An unpublished Ninth Circuit opinion has held that an employer need not pay employees for time spent undergoing government-required security checks en route to their worksite within the Los Angeles International Airport. Cazares v. Host International, Inc.
Jesus Cazares, an attendant in the Admirals Club lounge at the Los Angeles International Airport (“LAX”), sued his employer, Host International, Inc., for unpaid wages, failure to provide meal and rest breaks, and failure to provide accurate wage statements. The main claim was that Host failed to pay for time spent going through TSA security procedures to enter LAX. Cazares also claimed that Host failed to provide meal breaks in that the security process left him no time to leave the airport on meal breaks. Cazares also alleged that Host failed to provide him full 10-minute rest breaks because he had to spend time walking through the terminal to reach designated rest areas.
The Trial Court Decision
In July 2020, the district court dismissed Cazares’s lawsuit for failure to state a claim on which relief can be granted. Cazares appealed the court’s order to the Ninth Circuit.
The Appellate Court Decision
On August 18, 2021, a Ninth Circuit panel affirmed the order dismissing Cazares’s case.

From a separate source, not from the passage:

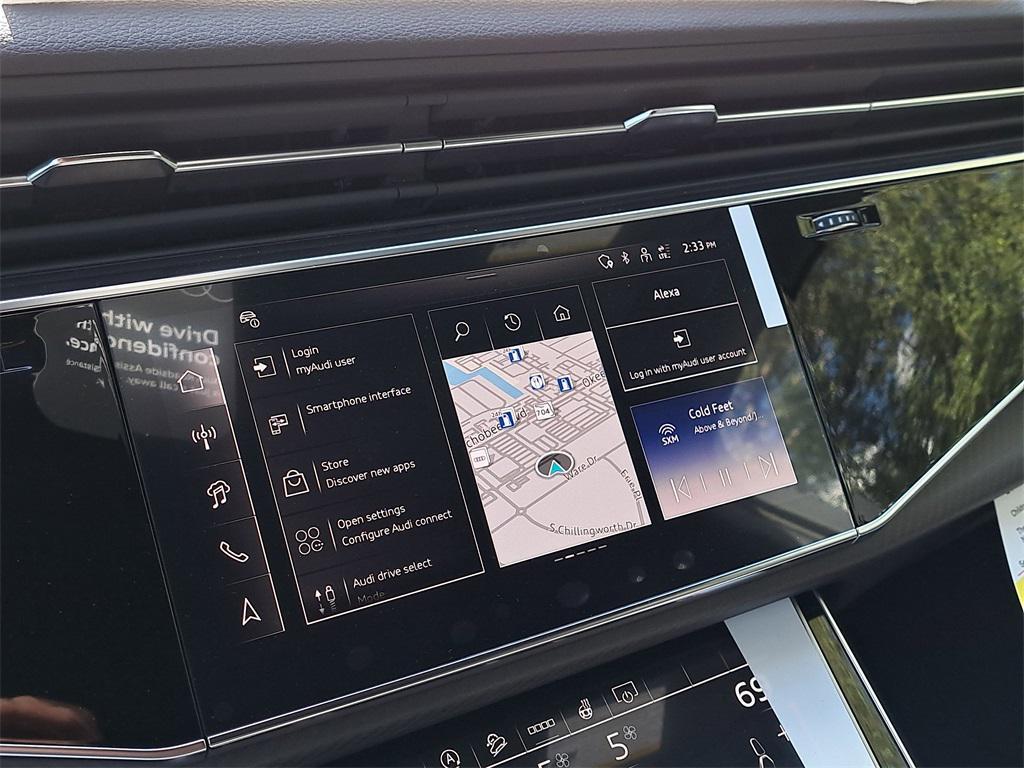 new 2026 Audi SQ7 car, priced at $111,905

The claim for unpaid work. The Ninth Circuit held that the time spent passing through federally-mandated airport security checks en route to work was not compensable because Cazares did not allege enough facts to show that Host had subjected him to any control during the security checks.
The claim for unprovided meal breaks. The Ninth Circuit held that Cazares had failed to allege facts to show that Host had discouraged him from taking meal breaks as he was not required to undergo a security check in order to leave his worksite (the Admirals Club) during meal breaks. Host did not have to also ensure that Cazares could leave the secured area of the airport in order to satisfy its meal break obligation.
The claim for unprovided rest breaks. The Ninth Circuit rejected Cazares’s contention that his rest breaks were shortened by a walking requirement, as he failed to allege facts to show that Host made him take his rest breaks at a particular designated area several minutes away from his Admirals Club worksite.
The claim for inaccurate wage statements. Because the wage and break claims failed, the Ninth Circuit concluded that the derivative wage-statement claim also failed.
Seyfarth filed an amicus brief on behalf of a large employer association in support of Host.
What Cazares Means For Employers
The Ninth Circuit’s ruling, though unpublished, is nonetheless citable. It is a useful reminder that it is the level of the employer’s control over employees—not the mere fact that the work requires an activity—that determines whether an activity is compensable under California wage and hour law. The ruling also represents a common sense approach to California’s meal and rest period rules.